§ **WORK TO BE COMPLETED**:
What you return should match every record exactly, with the images removed.

BEGIN PROVIDED INFORMATION

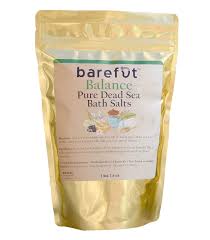 Combine the benefits of magnesium and sea salts with essential oils for a relaxing bath! Balance Dead Sea Bath Salts Barefut Essential Oils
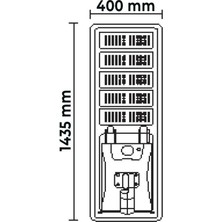 Forlife 500W Solar Sokak Armatürü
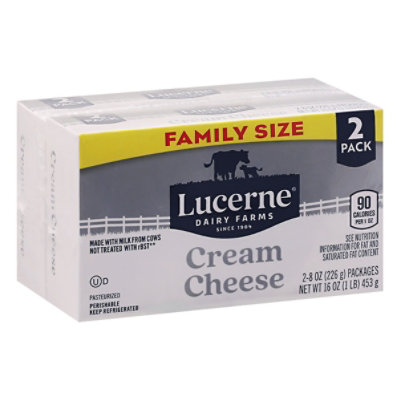 Lucerne Cream Cheese Family Size - 16 OZ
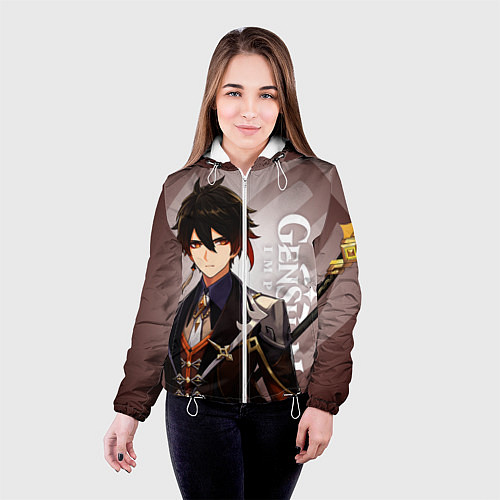 Женская куртка GENSHIN IMPACT, ЧЖУН ЛИ / 3D-Белый – фото 4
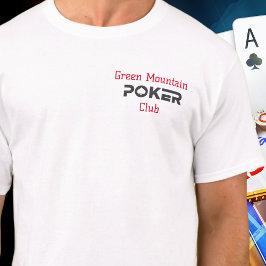 Name des Turniers der Minimalistischen Poker Club  T-Shirt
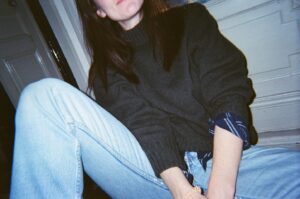 Esther Garrel Instagram - The day I made my nephew take my picture 📸 💙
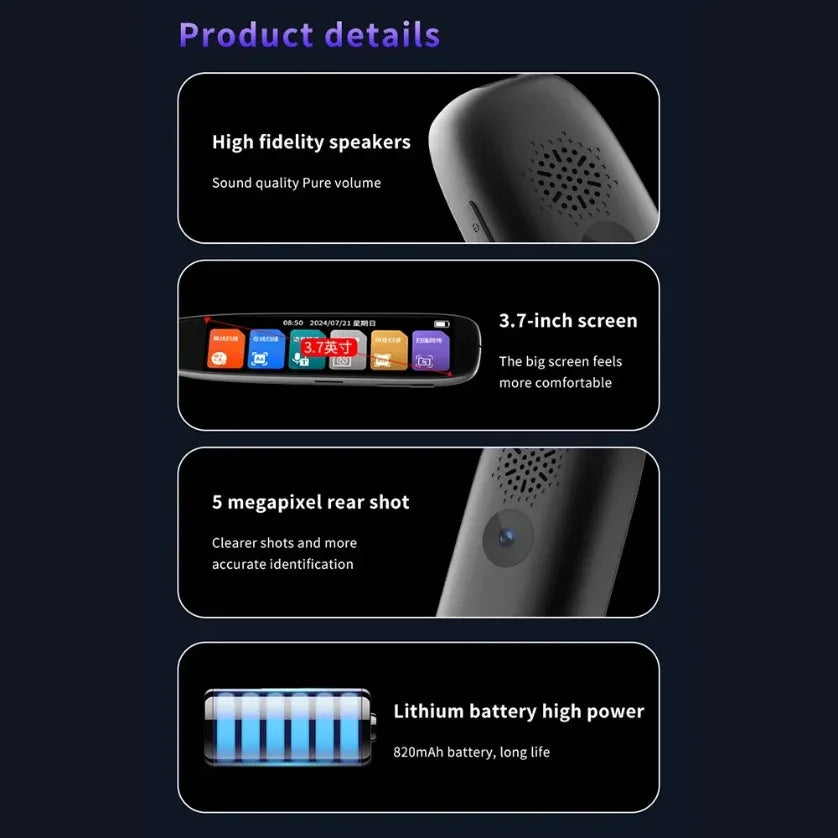 142 Languages WIFI Scan Translation Pen Scanning Smart Voice Translator S65 Pro Translation Pen For Business Travel Abroad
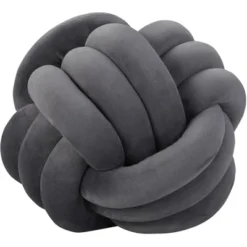Mina Victory Sofia Infinite Knot Ball 13" X 13" Round Indoor Throw Pillow -Decor Haven Store GUEST 3cb2078c 1bfe 448c 9d50 10e2a4befb32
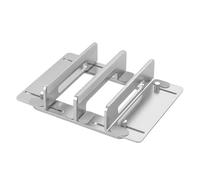 Laptop Holder Notebook and Tablet Vertical Stand Adjustable Desk Wrap Top Storage for Multiple Devices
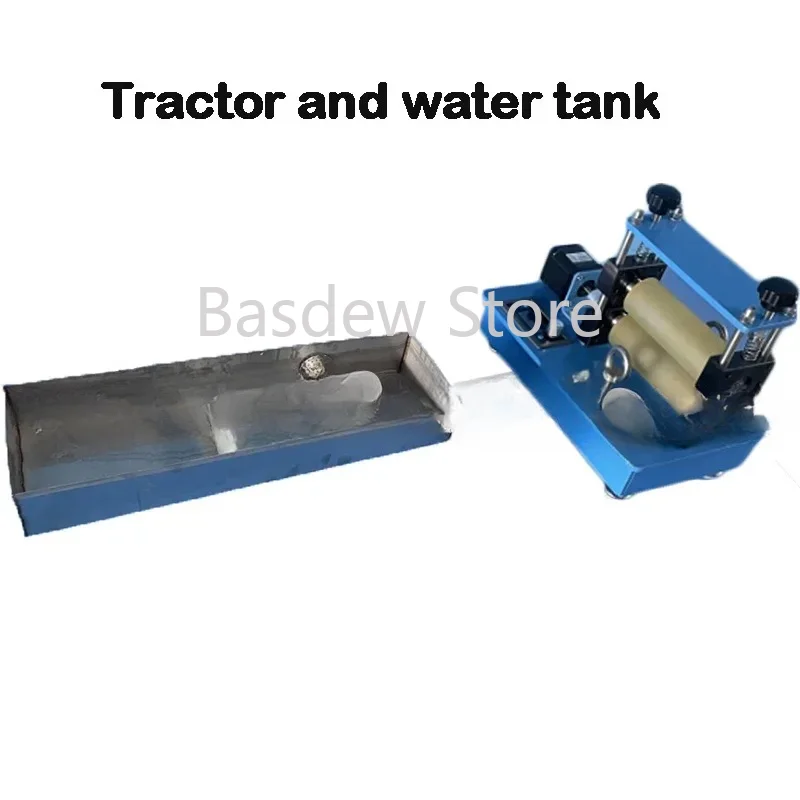 Laboratory Plastic Extruder Polymer Injection Molding Crusher Traction Water Tank ABS Single Screw Extruder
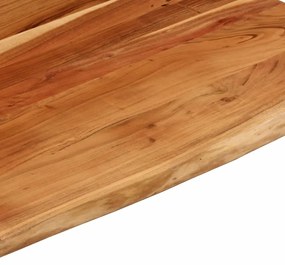 vidaXL Επιφάνεια Γραφείου Ορθογώνια 90x80x2,5 εκ. Μασίφ Ξύλο Ακακίας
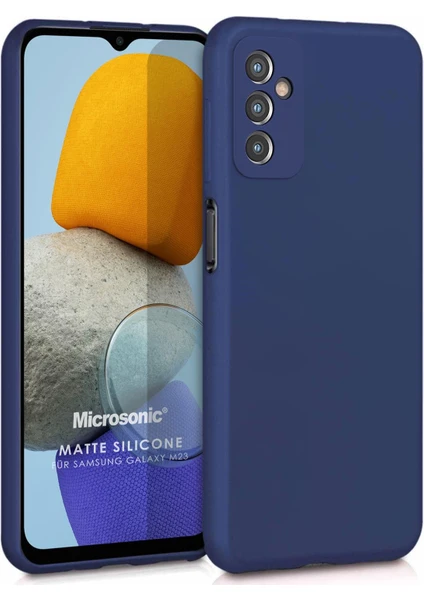 Matte Silicone Samsung Galaxy M23 Kılıf Lacivert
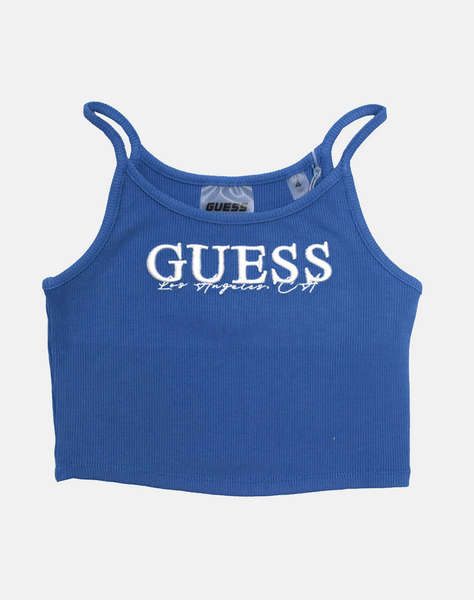 GUESS RIB SL TOP_MINI ME - ECO SMOOTH GIRLY RIB 435 ДЕТСКА ТЕНИСКА GIRL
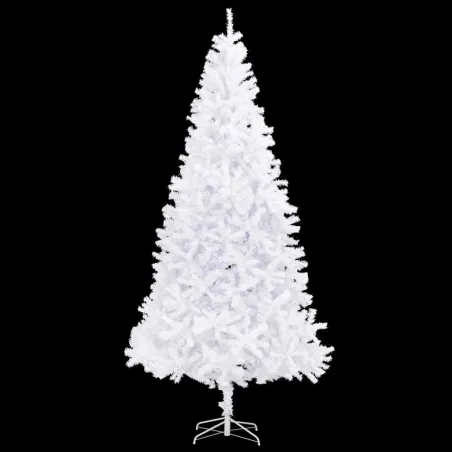 Sapin de Noël artificiel 300 cm Blanc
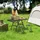 modfu Klapptisch 90 x 40,5 x 58 cm Schwarz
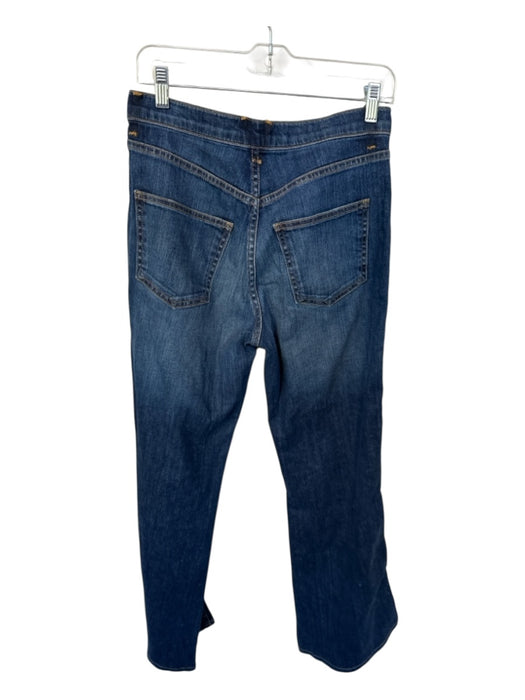 Veronica Beard Size 27 Dark Wash Cotton Blend High Rise Wide Leg Jeans Dark Wash / 27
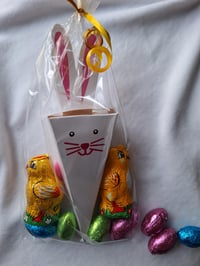Bunny box with Belgian chocolates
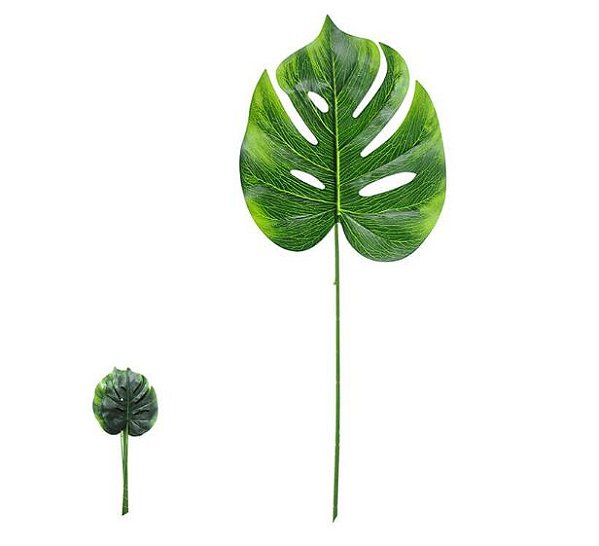 Folhagem Artificial Costela-de-Adão Real Toque Verde 43cm
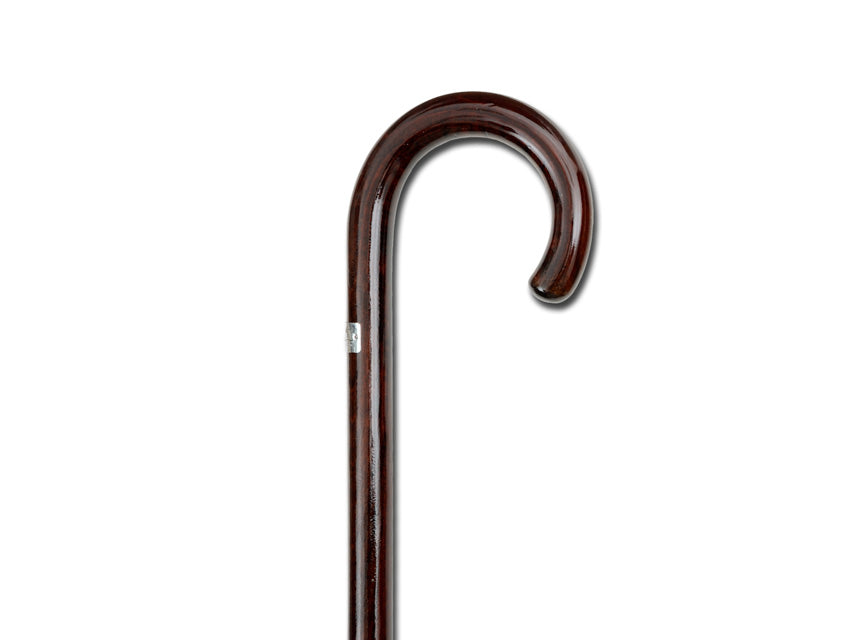 "GIOTTO" WOODEN STICK - curved handle for men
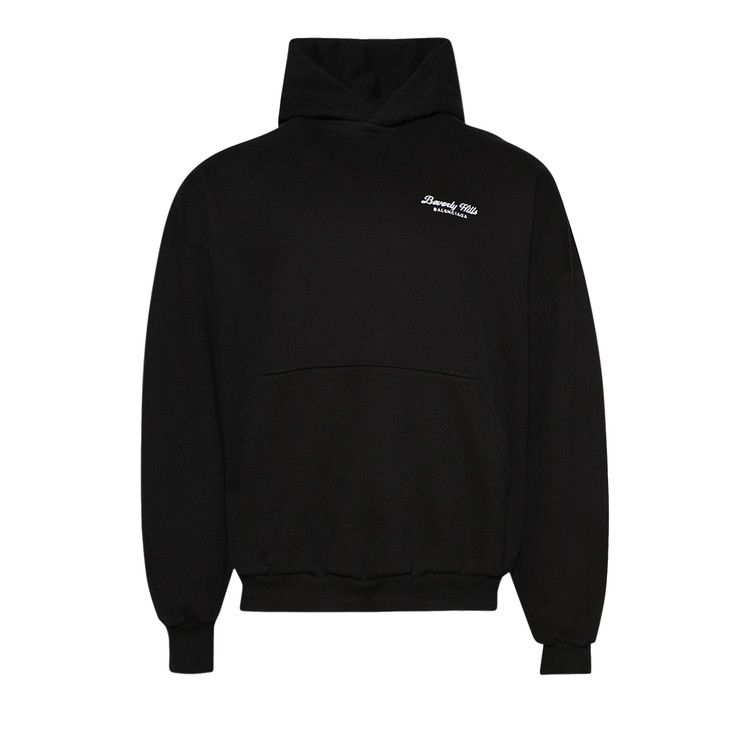 Balenciaga Beverly Hills Oversized Hoodie Washed Black/White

END PROVIDED INFORMATION

§ **RESPONSE TO THE TASK**:
 Combine the benefits of magnesium and sea salts with essential oils for a relaxing bath! Balance Dead Sea Bath Salts Barefut Essential Oils
 Forlife 500W Solar Sokak Armatürü
 Lucerne Cream Cheese Family Size - 16 OZ
 Женская куртка GENSHIN IMPACT, ЧЖУН ЛИ / 3D-Белый – фото 4
 Name des Turniers der Minimalistischen Poker Club  T-Shirt
 Esther Garrel Instagram - The day I made my nephew take my picture 📸 💙
 142 Languages WIFI Scan Translation Pen Scanning Smart Voice Translator S65 Pro Translation Pen For Business Travel Abroad
Mina Victory Sofia Infinite Knot Ball 13" X 13" Round Indoor Throw Pillow -Decor Haven Store GUEST 3cb2078c 1bfe 448c 9d50 10e2a4befb32
 Laptop Holder Notebook and Tablet Vertical Stand Adjustable Desk Wrap Top Storage for Multiple Devices
 Laboratory Plastic Extruder Polymer Injection Molding Crusher Traction Water Tank ABS Single Screw Extruder
 vidaXL Επιφάνεια Γραφείου Ορθογώνια 90x80x2,5 εκ. Μασίφ Ξύλο Ακακίας
 Matte Silicone Samsung Galaxy M23 Kılıf Lacivert
 GUESS RIB SL TOP_MINI ME - ECO SMOOTH GIRLY RIB 435 ДЕТСКА ТЕНИСКА GIRL
 Sapin de Noël artificiel 300 cm Blanc
 modfu Klapptisch 90 x 40,5 x 58 cm Schwarz
 Veronica Beard Size 27 Dark Wash Cotton Blend High Rise Wide Leg Jeans Dark Wash / 27
Bunny box with Belgian chocolates
 Folhagem Artificial Costela-de-Adão Real Toque Verde 43cm
 "GIOTTO" WOODEN STICK - curved handle for men
 Balenciaga Beverly Hills Oversized Hoodie Washed Black/White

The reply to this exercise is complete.